29875.fb2
— Марала! Это вы! Вас-то я и ищу. А господь посылает мне вас навстречу! Как же тут не перекреститься Марала дорогая, вы мне так нужны:
— Жаль, я не мужчина, а не то обняла бы вас, такая вы ласковая.
Женщина бросилась перед ней на колени и уткнулась головой в ее ноги. Она задыхалась, и казалось, вот-вот лишится чувств.
— Марала, мой сын, тот, что работает официантом в кафе для дачников, провинился: украл у хозяина сто лир. Хозяин требует, чтоб я вернула их сегодня же,а не то посадит мальчишку в тюрьму. Я подумала о вас, Марала. Знаю, вы даете деньги под проценты...
Марала посмотрела на дорогу вверх, потом вниз и громко сказала:
— Ну да! Какие там, к черту, проценты! Почему иногда не сделать добро и не помочь какому-нибудь бедному христианину?
— Да, мы это знаем: вы женщина святая. Дайте же мне сто лир.
И так как Марала смотрела на нее почти насмешливо, женщина добавила вполголоса:
— Я отдам их вам в субботу, когда муж вернется из леса. Я отдам вам сто двадцать лир.
— У меня нет при себе денег, — ворчливо сказала старуха. — Приди попозже ко мне домой, там посмотрим.
Молитвенно сложив руки, женщина повернулась к ее корзине.

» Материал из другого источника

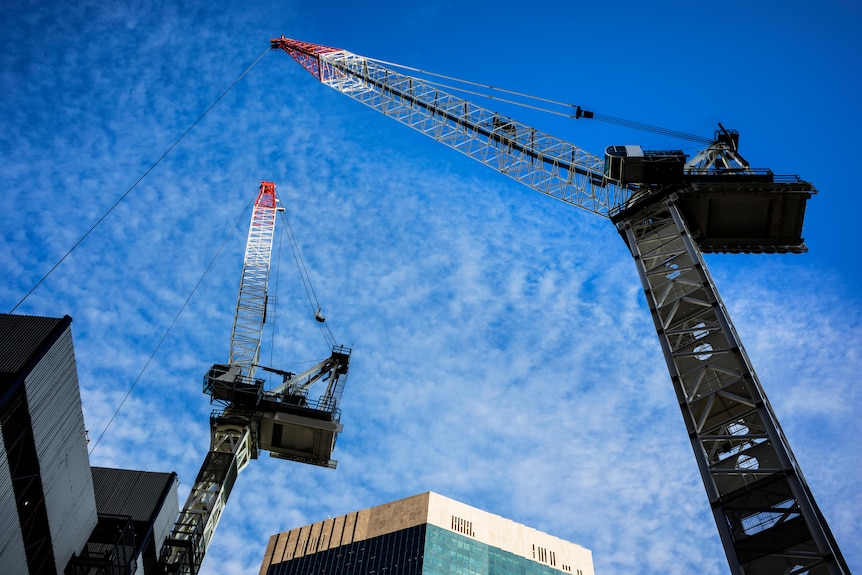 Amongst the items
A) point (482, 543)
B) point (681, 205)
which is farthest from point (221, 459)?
point (482, 543)

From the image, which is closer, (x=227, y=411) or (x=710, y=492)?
(x=710, y=492)

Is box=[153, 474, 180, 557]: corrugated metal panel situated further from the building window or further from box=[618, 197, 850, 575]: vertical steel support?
the building window

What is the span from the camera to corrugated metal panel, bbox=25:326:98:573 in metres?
36.3

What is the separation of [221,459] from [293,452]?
7273 mm

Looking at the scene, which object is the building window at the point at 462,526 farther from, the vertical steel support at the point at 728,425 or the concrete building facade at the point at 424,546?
the vertical steel support at the point at 728,425

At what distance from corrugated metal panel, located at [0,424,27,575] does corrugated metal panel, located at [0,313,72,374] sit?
3710mm

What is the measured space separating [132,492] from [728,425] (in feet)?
107

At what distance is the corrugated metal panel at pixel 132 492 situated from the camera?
45.1m

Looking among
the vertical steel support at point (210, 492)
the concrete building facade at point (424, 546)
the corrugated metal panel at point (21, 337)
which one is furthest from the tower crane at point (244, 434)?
the concrete building facade at point (424, 546)

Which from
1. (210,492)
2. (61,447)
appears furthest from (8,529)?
(210,492)

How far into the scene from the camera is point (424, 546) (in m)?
138

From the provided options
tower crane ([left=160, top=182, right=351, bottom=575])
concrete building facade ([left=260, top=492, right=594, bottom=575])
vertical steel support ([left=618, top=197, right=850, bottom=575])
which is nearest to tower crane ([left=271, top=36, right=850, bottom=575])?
vertical steel support ([left=618, top=197, right=850, bottom=575])

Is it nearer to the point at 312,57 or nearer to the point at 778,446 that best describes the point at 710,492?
the point at 778,446

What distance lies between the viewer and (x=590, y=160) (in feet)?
202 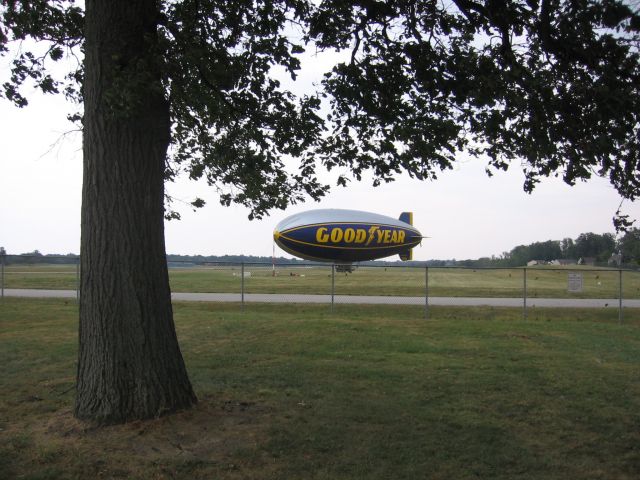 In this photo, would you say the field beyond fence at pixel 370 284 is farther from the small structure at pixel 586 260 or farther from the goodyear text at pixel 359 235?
the goodyear text at pixel 359 235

— Это не корзина с младенцем Иисусом, — перехватив ее взгляд, сказала Марала, смеясь, как девчонка. — Ладно, ладно, я все уже поняла.
— Да, Марала, пожалуйста, дайте ее мне, я все продам, а потом верну вам корзину. Сто лир наверняка получу за все.
Марала рассчитывала лишь на восемьдесят лир, но с достоинством ответила:
— О, за такой товар выручишь и сто двадцать. Одни цыплята стоят двенадцать скудо.
Она благоговейно приподняла платок, прикрывавший все ее добро, и потрогала цыплят пальцем.
— Погляди, какие они упитанные, белые и нежные, совсем как новорожденные младенцы.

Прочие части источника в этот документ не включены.